Box-Behnken design for the optimization of the surface protection against corrosion of turbochargers using zirconium doped-titanate nanotubes

The aim of this work was the protection of the turbine blades from corrosion in an acid medium using different nanotubes as surface corrosion protectors. The plan of this article was to study the anticorrosion properties of zirconium doped titanate nanotubes materials. Inhibitors were prepared using hydrothermal method at different zirconium contents (2; 5 and 10 wt%). The obtained powders were characterized using different techniques: X-ray diffraction (XRD), electronic transmission microscopy (TEM), N2 adsorption–desorption, ICP analysis and Raman spectroscopy.

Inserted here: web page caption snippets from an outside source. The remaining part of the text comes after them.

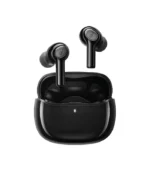 Anker Soundcore R100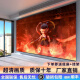 京創(chuàng)顯【電視機(jī)排行榜前十名】新品電視機(jī)全面屏無(wú)邊框超大屏液晶智能4K超高清防爆語(yǔ)音客廳KTV會(huì)議顯示 100英寸 4K超清智能網(wǎng)絡(luò)版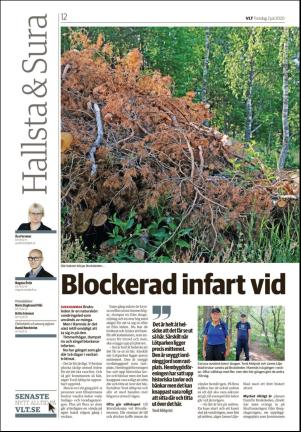 vestmanlandslanstidning-20200702_000_00_00_012.pdf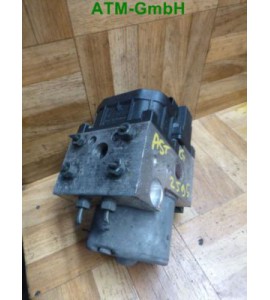 ABS Hydraulikblock Opel Astra G DPA 12V Bosch 0265216651 0273004362
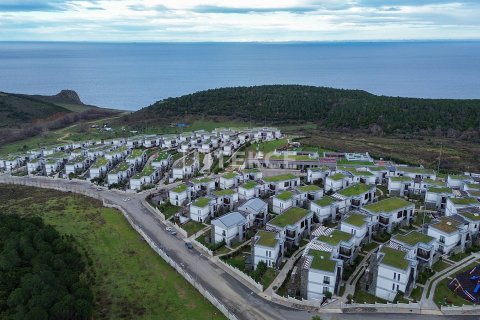 Apartment for sale in Yalova, Turkey, 2 bedrooms, 160m2, No. 217068 – photo 4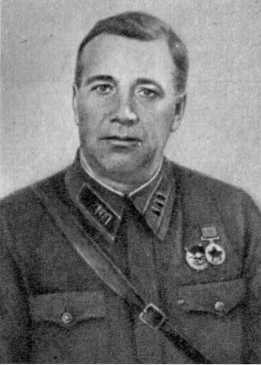 Вспомним мы пехоту... - i_004.jpg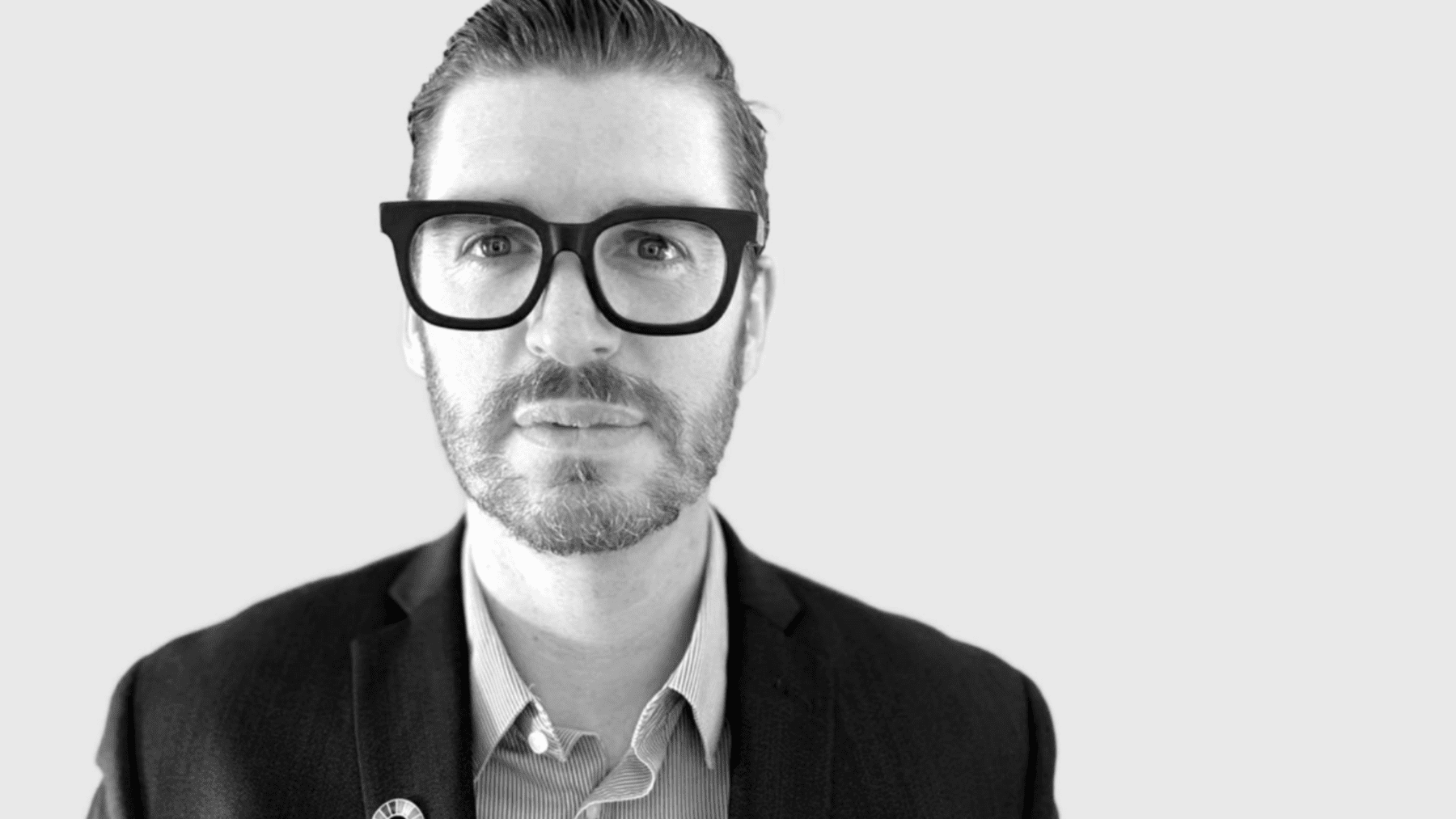 Patrick McCartan: CEO of Regennabis & Leader in ESG Cannabis Sustainability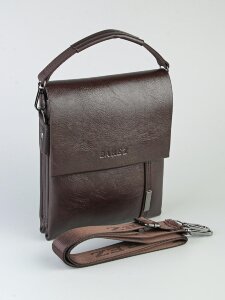 YO Сумка-планшет "Barez 2704-4"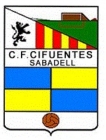 Escudo de Cifuentes C.F.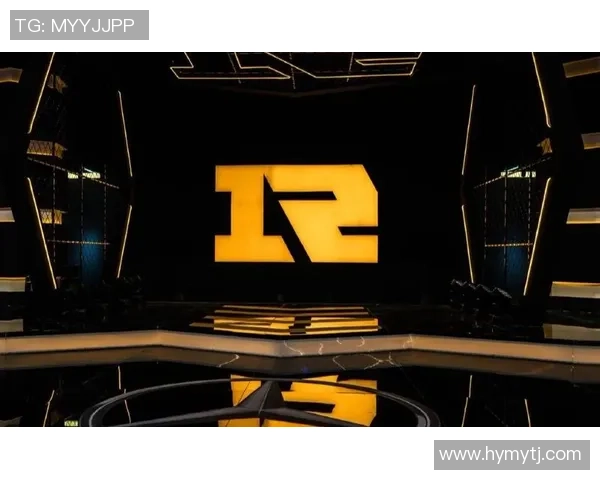 热议英雄联盟RNG战队实力变革背后的秘密与未来展望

The results revealed a hollow tubular structure of nanotubes having lengths around 120 nm. The anticorrosion efficiency results showed a significant inhibitory rates of the titanate nanotubes which increases with the increase in the Zr content. The working conditions were evaluated using the modeling based on ANOVA studies. The results proved that the inhibition rate is considerably influenced by a positive individual effect of the acid contact time, the temperature of the environment and the mass of the inhibitor. The most favorable conditions were achieved under 100 mg of inhibitor, during 3 h at 15 °C which leaded to reach 100% of inhibition rate. Finally, the adsorption kinetics of the nanotubes on the Ni-alloy surface followed the Langmuir model.